YOUR TASK:
After finding "Chlapčenská mikina 4F" in the material below, output its line and every line after it through the last, exactly, but not the pictures.

^^^^

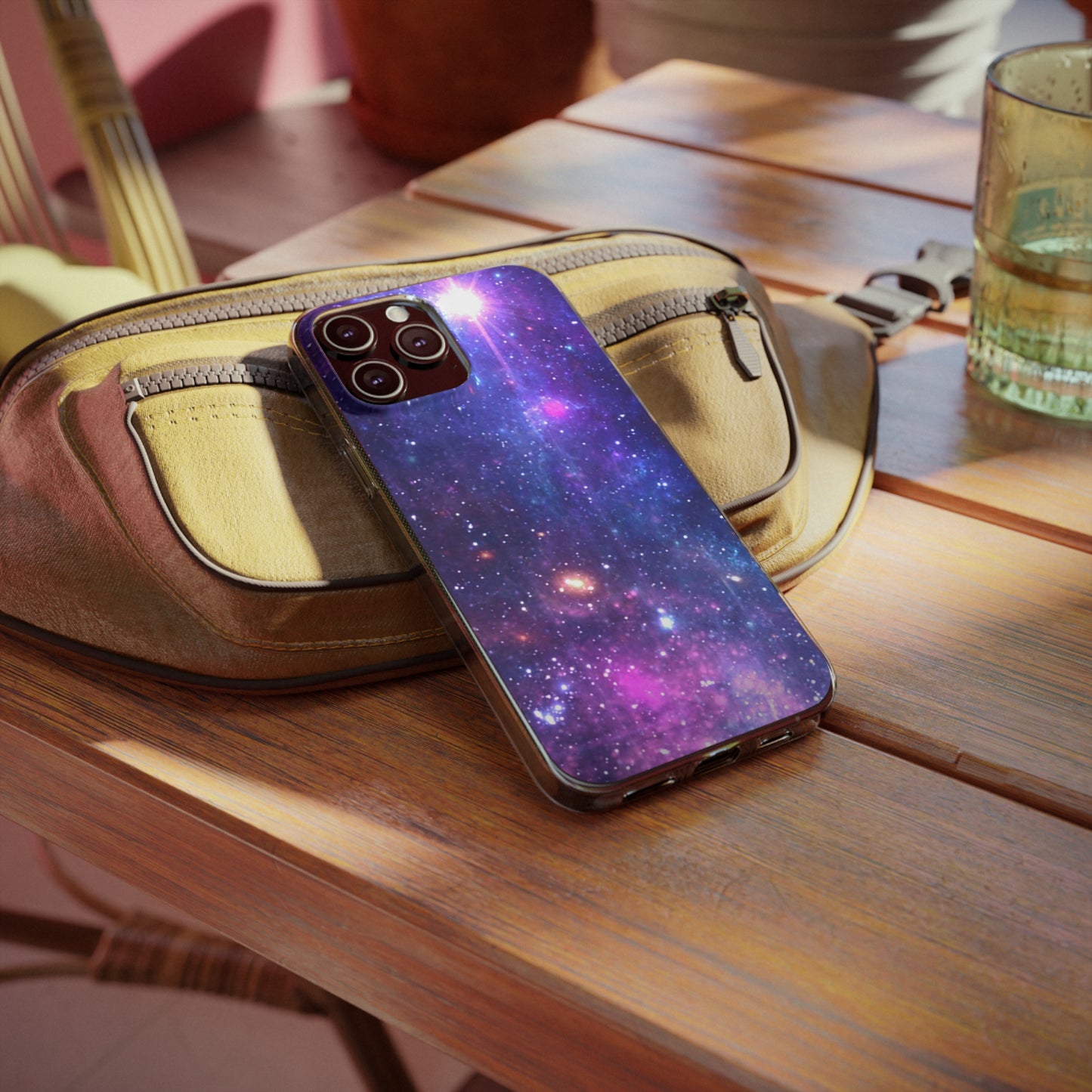 Purple Beyond the Stars Outer Space Out of this World Soft Phone Cases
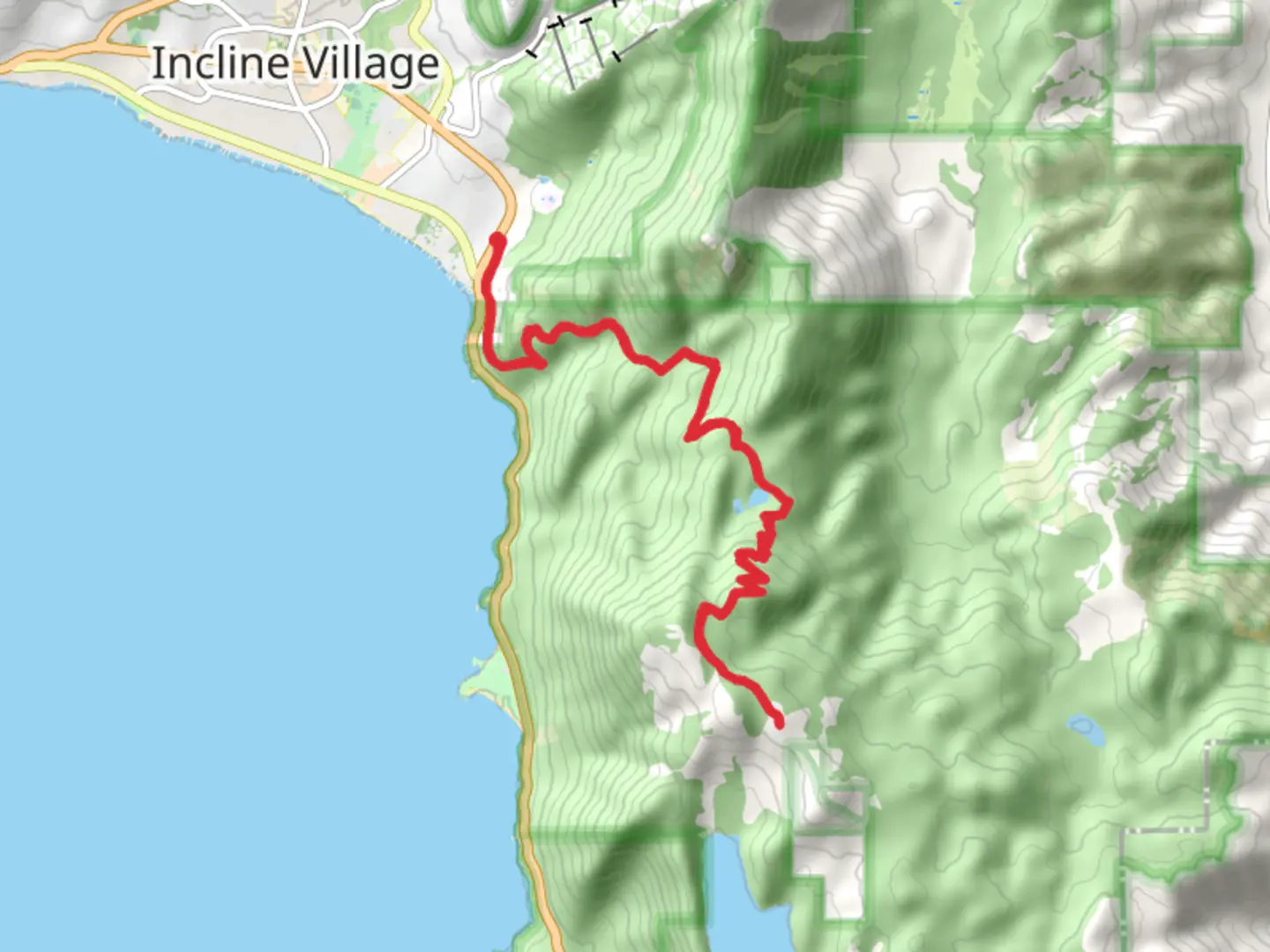 An image depicting the trail Twin Lakes and Tahoe Rim Trail - Tahoe Boulevard and its surrounding area.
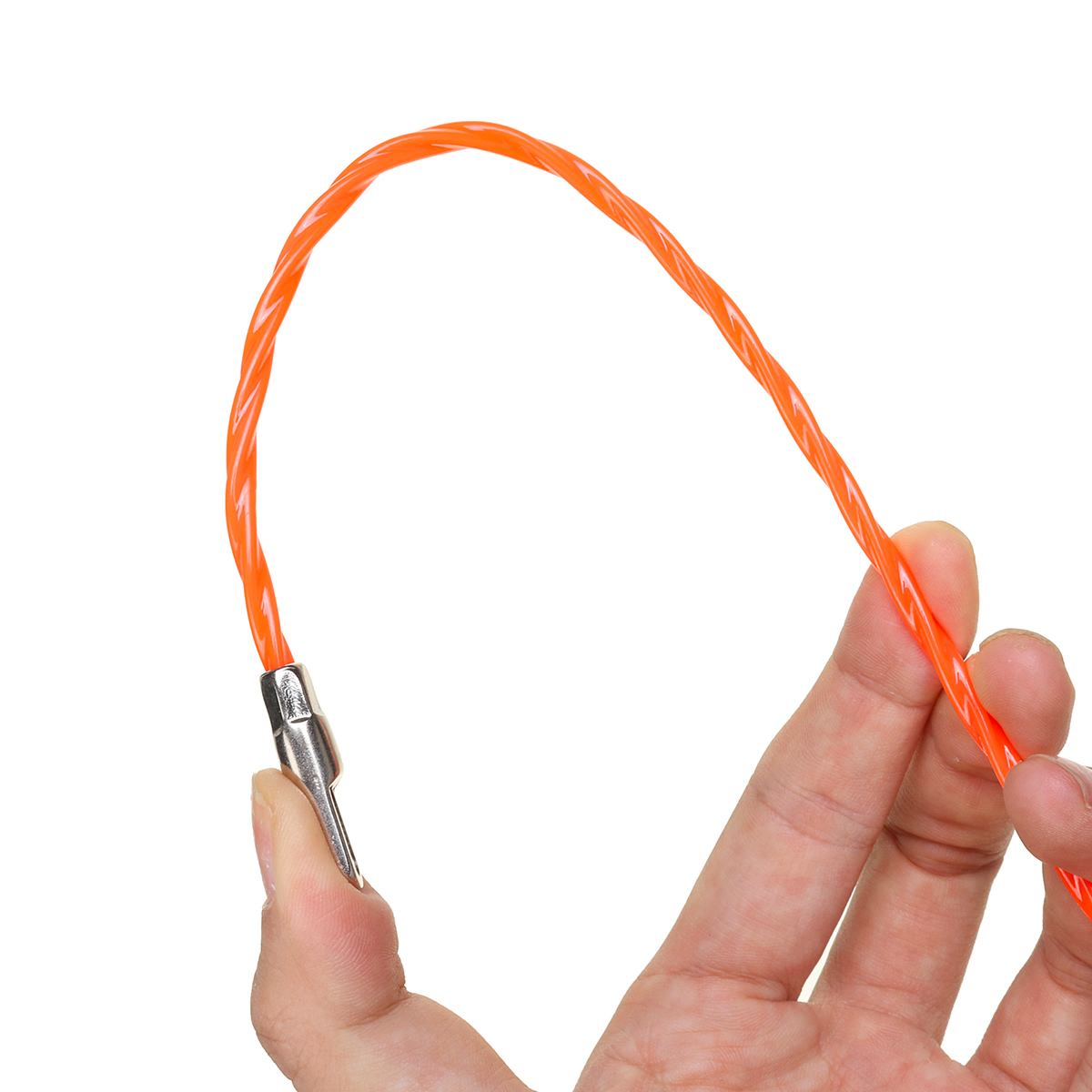 5/10/15/20/25/30M 4MM Cable Puller Fish Tape Yellow Cable Fiberglass Fish Tape Reel Puller Fiberglass Metal Wall Wire Conduit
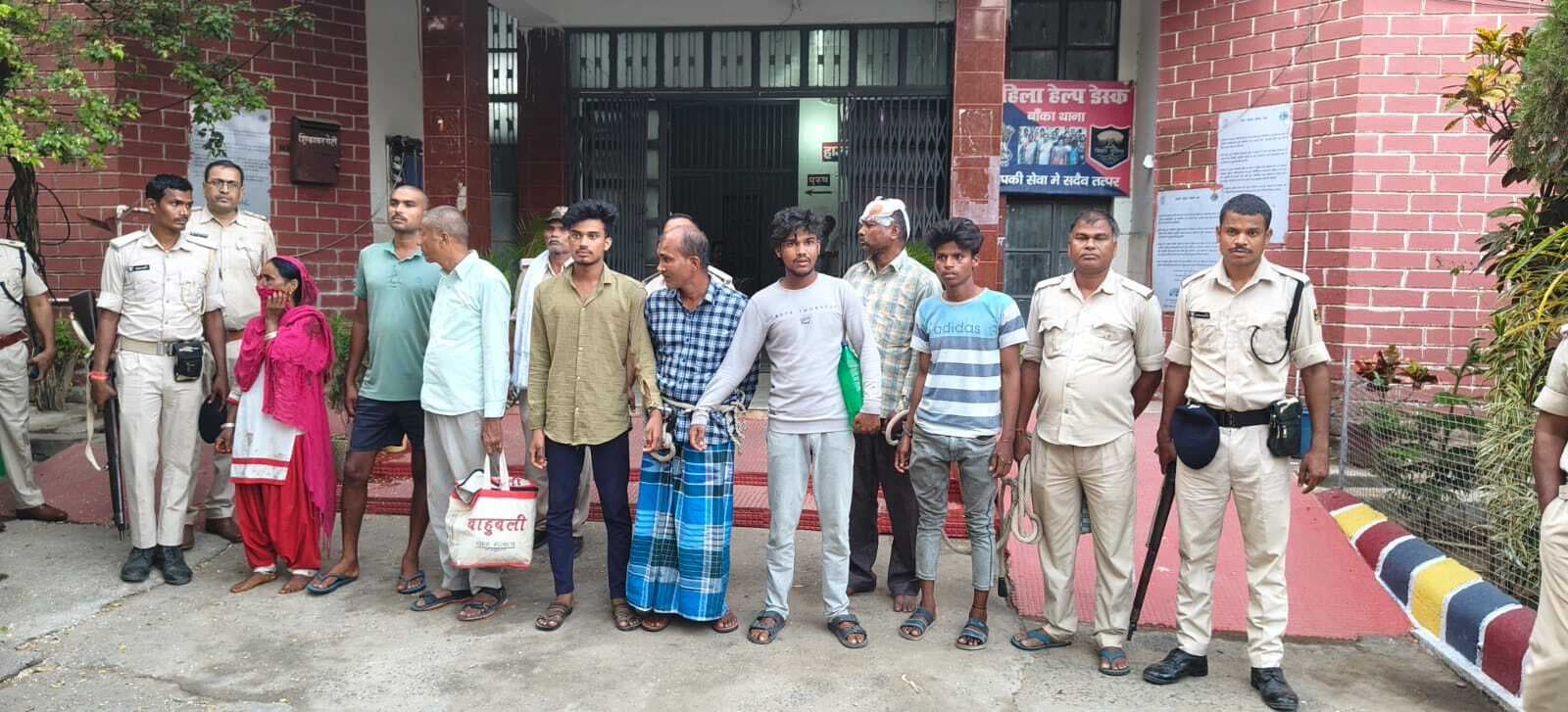 लसकरी गांव में दो पक्षों के बीच विवाद मामले में आठ नामजद गिरफ्तार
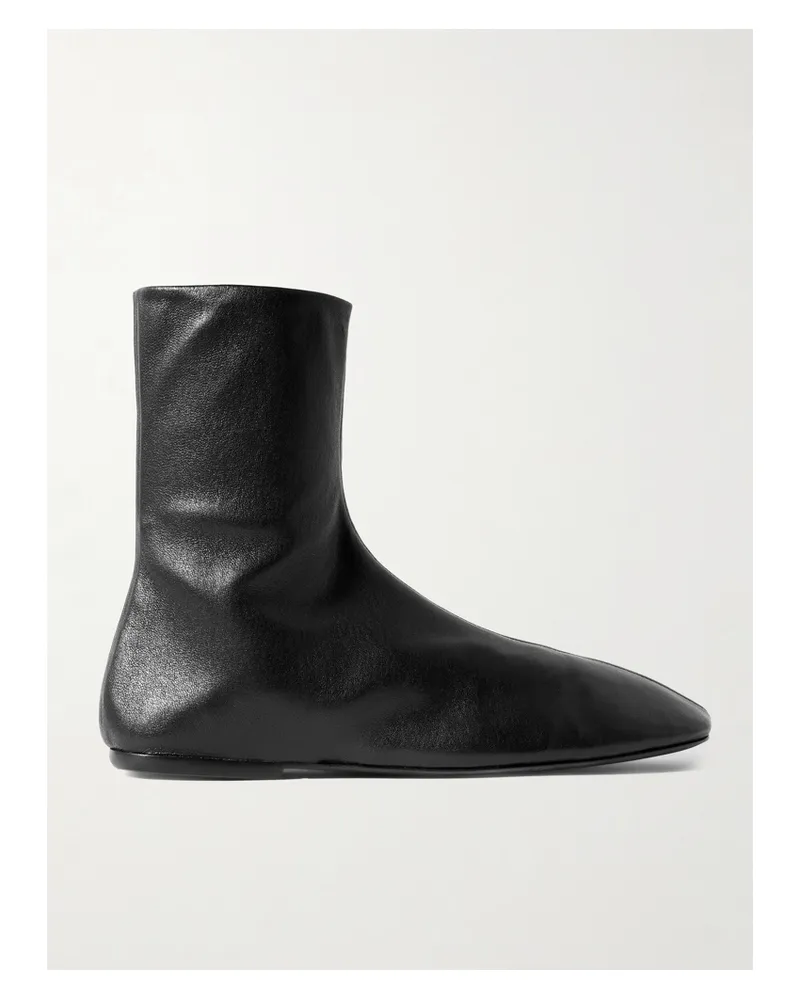 Dries van Noten Ankle Boots Aus Leder - Schwarz Schwarz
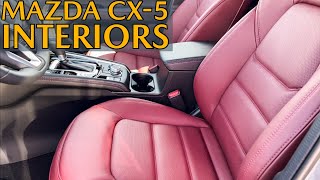 CX5 Interiors  What Seat Materials Come on the 2021 Mazda CX5 [upl. by Lewellen]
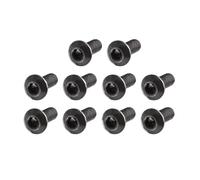 100 pièces M2 .5 M3 M4 M5 M6 10.9 vis à tête hexagonale en acier allié, noir(M2x14mm)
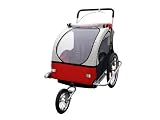Eufab - 2 en 1 poussette & remorque enfant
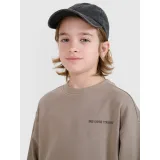 Chlapčenská mikina 4F JUNIOR SWEATSHIRT-JWSS25TSWSM1713-83S-BEIGE · záber 2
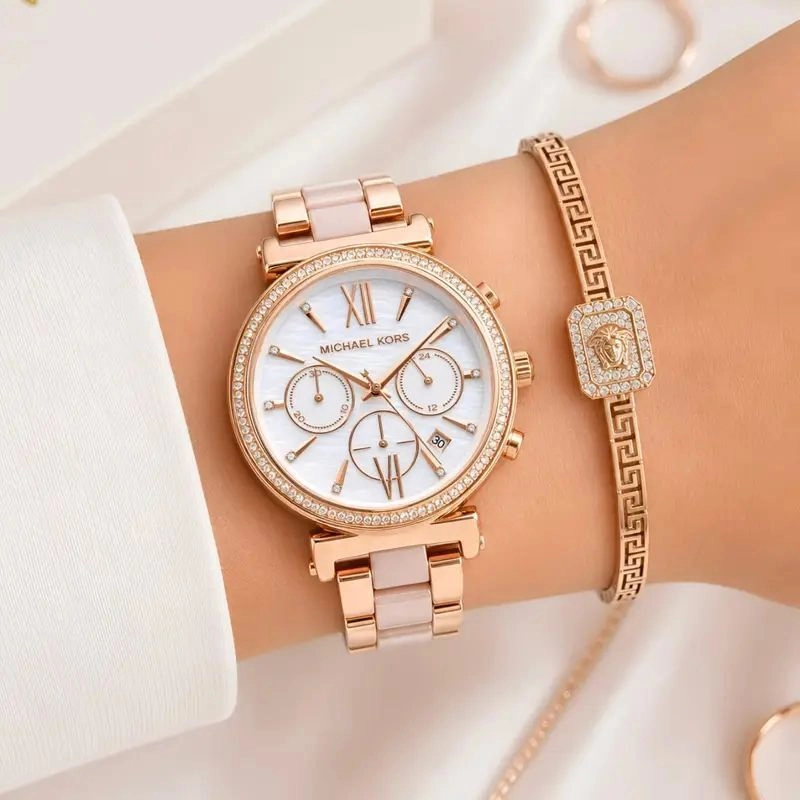 Michael Kors Sofie Rose Gold Pink Edition 4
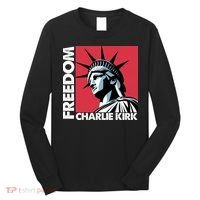 Freedom Statue Of Liberty Charlie Kirk Memorial Long Sleeve Shirt thumb 0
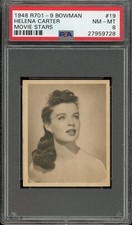 1948 R701-9 Bowman Movie Stars #19 Helena Carter PSA 8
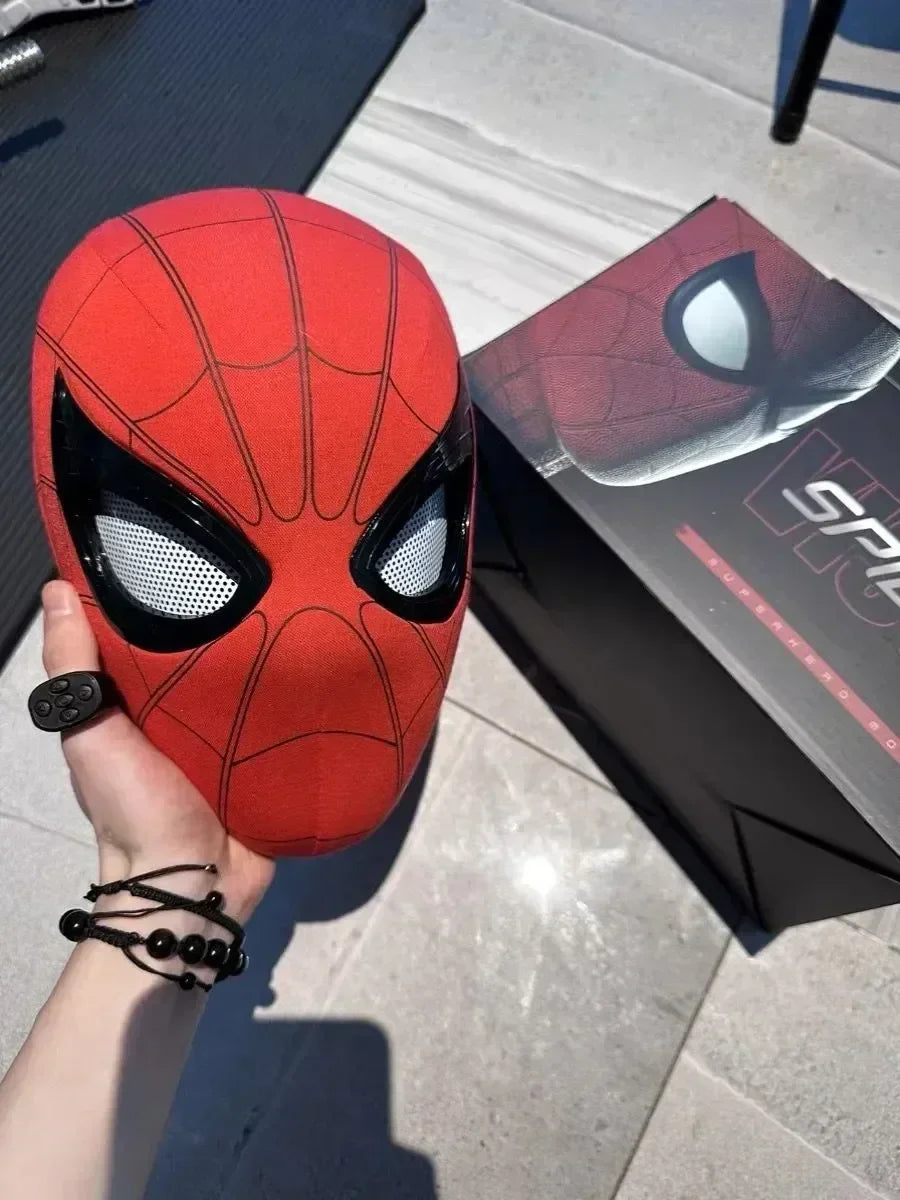 Spider-Man-Inspired Moving-Eye Cosplay Mask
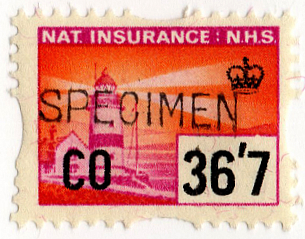 (382) 36/7d Orange & Magenta (1968)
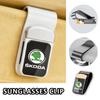 Car LOGO Glasses Holder Storage Emblem Accessories For Kamiq MK3 Roomster Rapid Kodiaq Karoq Fabia Enyaq Xknp33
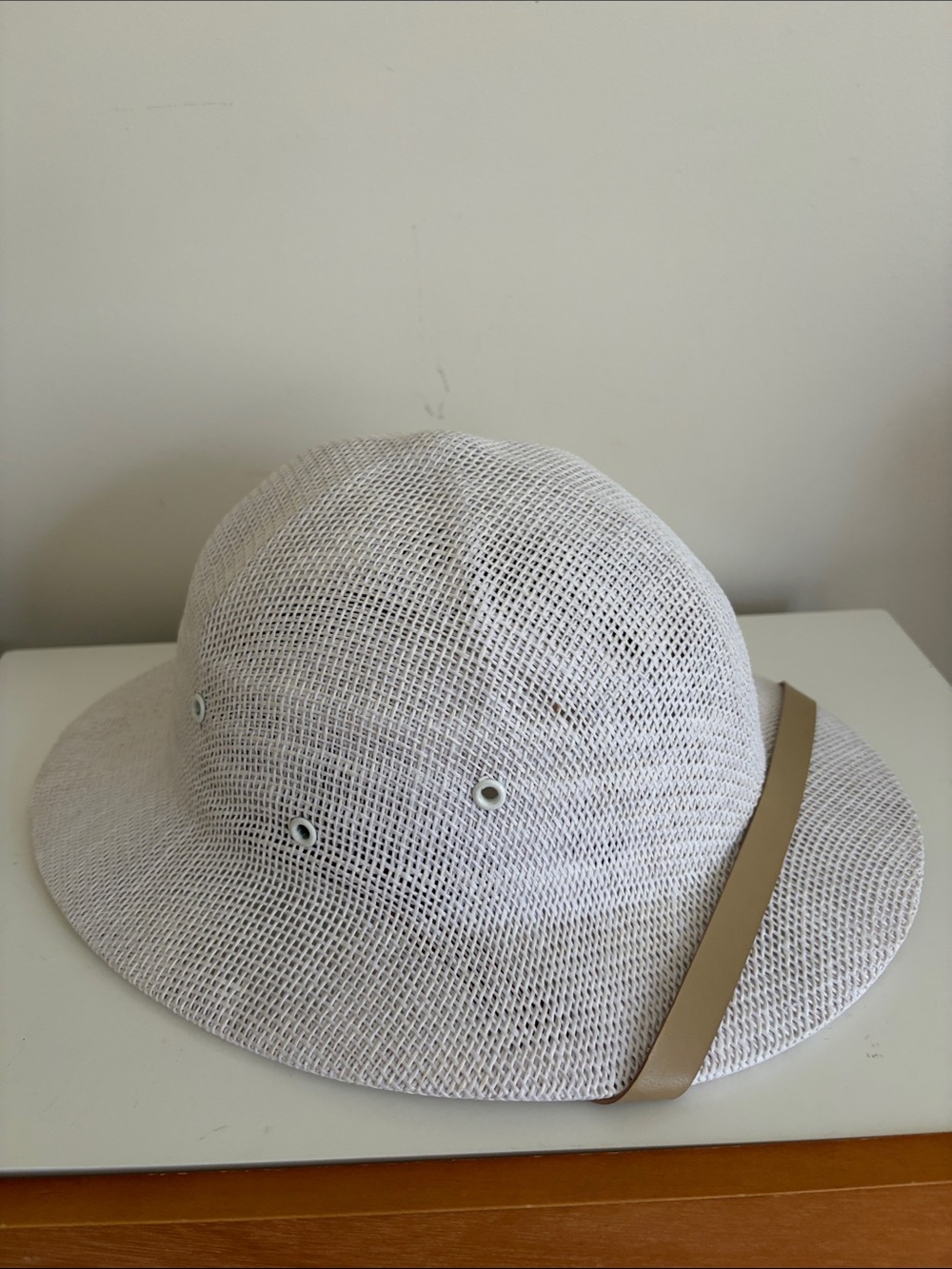 Unisex Hard White Safari Hat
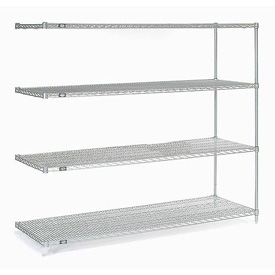 ate Wire Shelving Add-On, Silver Epoxy, 72W X 24D X 63H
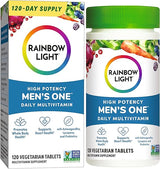 Rainbow Light HIGH POTENCY MEN'S ONE 50+ DAILY MULTIVITAMIN 120CT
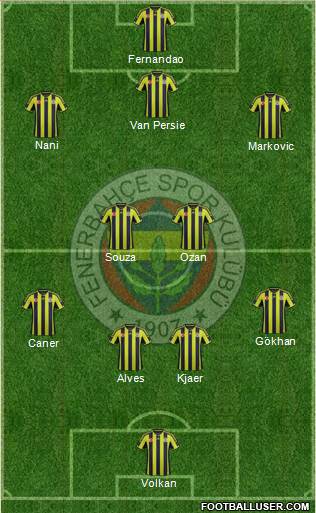 Fenerbahçe SK Formation 2015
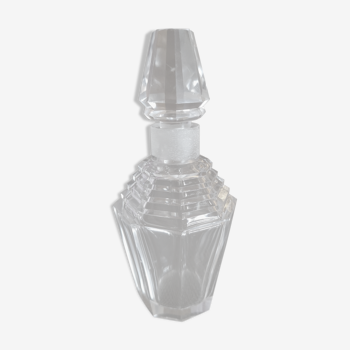 1930s art deco crystal perfume bottle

^^^^

ANSWER:
 Chlapčenská mikina 4F JUNIOR SWEATSHIRT-JWSS25TSWSM1713-83S-BEIGE · záber 2
 Michael Kors Sofie Rose Gold Pink Edition 4
 Freedom Statue Of Liberty Charlie Kirk Memorial Long Sleeve Shirt thumb 0
 1948 R701-9 Bowman Movie Stars #19 Helena Carter PSA 8
 Spider-Man-Inspired Moving-Eye Cosplay Mask
 (382) 36/7d Orange & Magenta (1968)
 Car LOGO Glasses Holder Storage Emblem Accessories For Kamiq MK3 Roomster Rapid Kodiaq Karoq Fabia Enyaq Xknp33
 Unisex Hard White Safari Hat
 ate Wire Shelving Add-On, Silver Epoxy, 72W X 24D X 63H
 Rainbow Light HIGH POTENCY MEN'S ONE 50+ DAILY MULTIVITAMIN 120CT
 Fenerbahçe SK Formation 2015
 1930s art deco crystal perfume bottle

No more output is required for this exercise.